What you should do: Except for the pictures, retype the records that follow exactly.

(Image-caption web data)
= = =

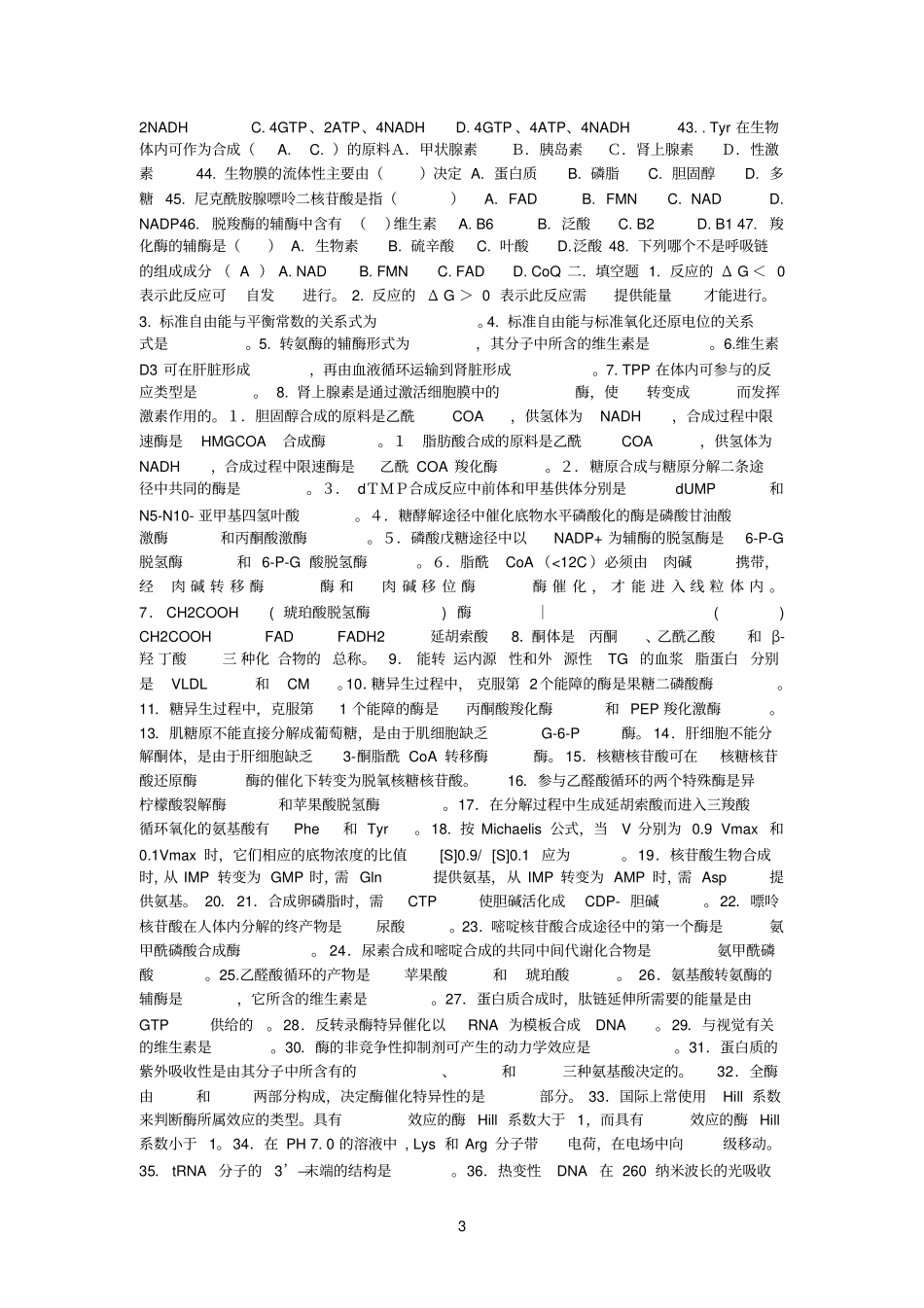 生物参考资料化学题_第3页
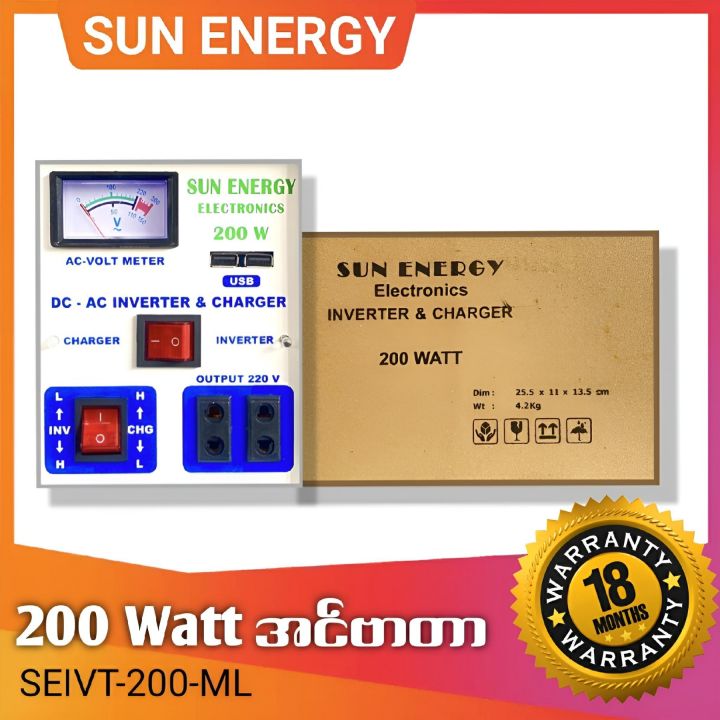Sun Energy 200 Watt inverter SEIVT-200-ML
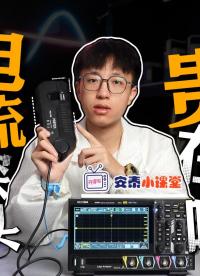 揭秘实验室“奢侈品”：电流探头为何如此烧钱？#电流探头 #罗氏线圈 #电流传感器 #示波器探头 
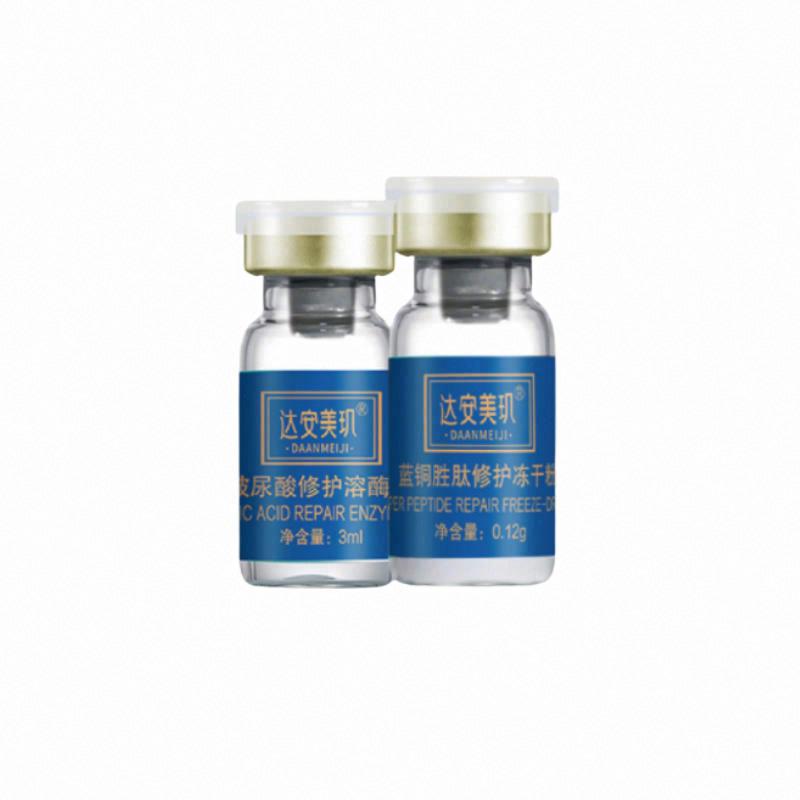 达安美玑蓝铜胜肽修护冻干粉+玻尿酸修护溶酶液
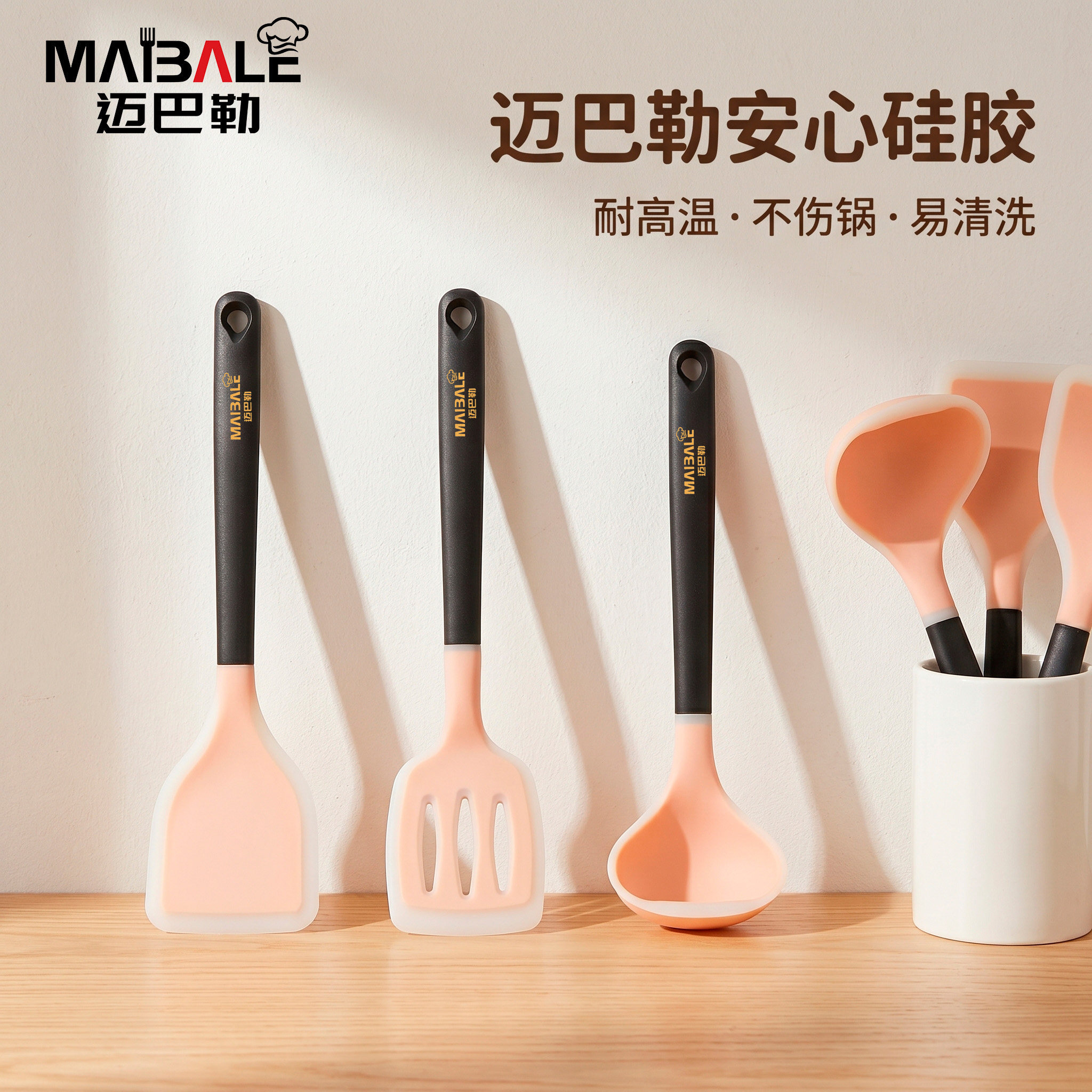 迈巴勒新款双色硅胶锅铲家用炒菜铲子不粘锅专用食品级耐高温汤勺图片
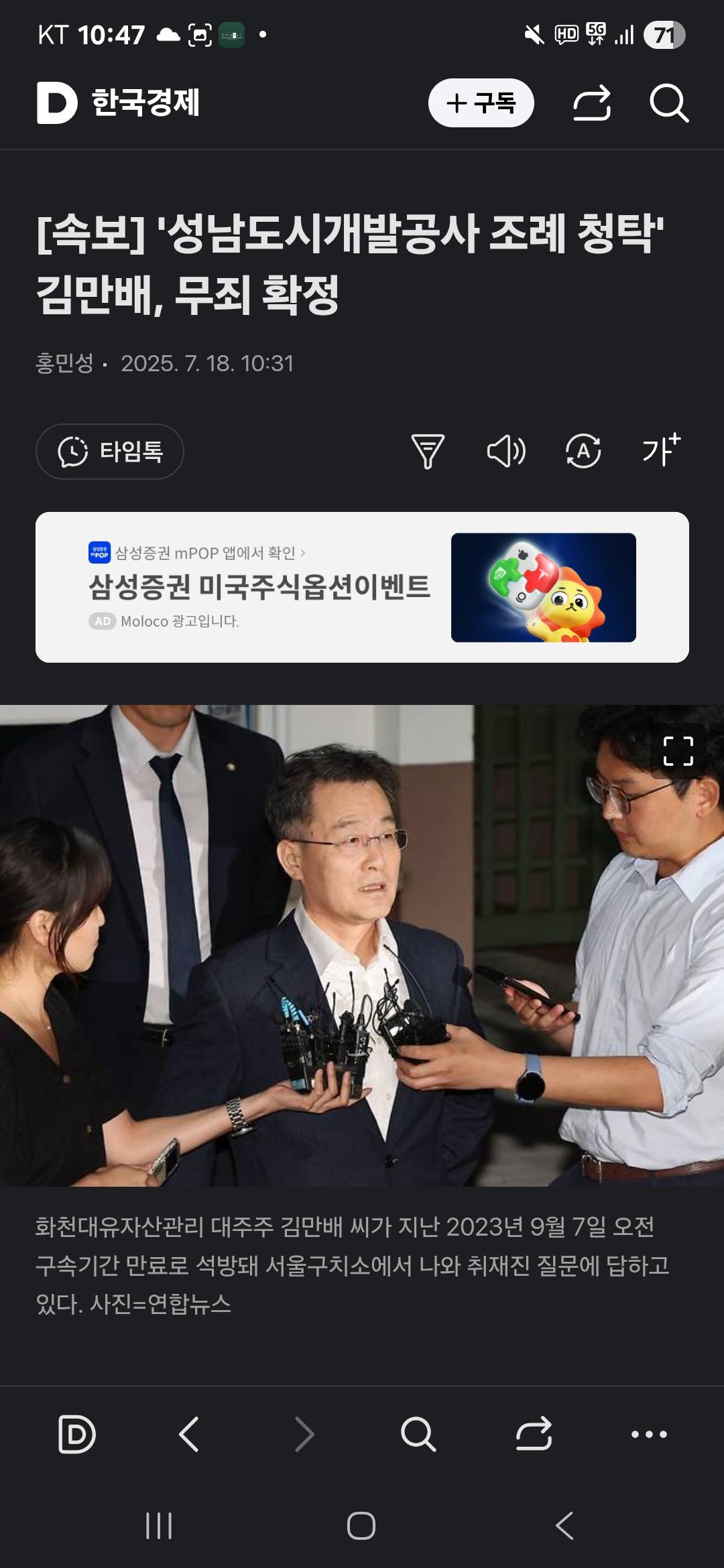 클릭하시면 원본 이미지를 보실 수 있습니다.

= = =

Response to the exercise:
 生物参考资料化学题_第3页
Sun Energy 200 Watt inverter SEIVT-200-ML
 揭秘实验室“奢侈品”：电流探头为何如此烧钱？#电流探头 #罗氏线圈 #电流传感器 #示波器探头 
 达安美玑蓝铜胜肽修护冻干粉+玻尿酸修护溶酶液
 迈巴勒新款双色硅胶锅铲家用炒菜铲子不粘锅专用食品级耐高温汤勺图片
 클릭하시면 원본 이미지를 보실 수 있습니다.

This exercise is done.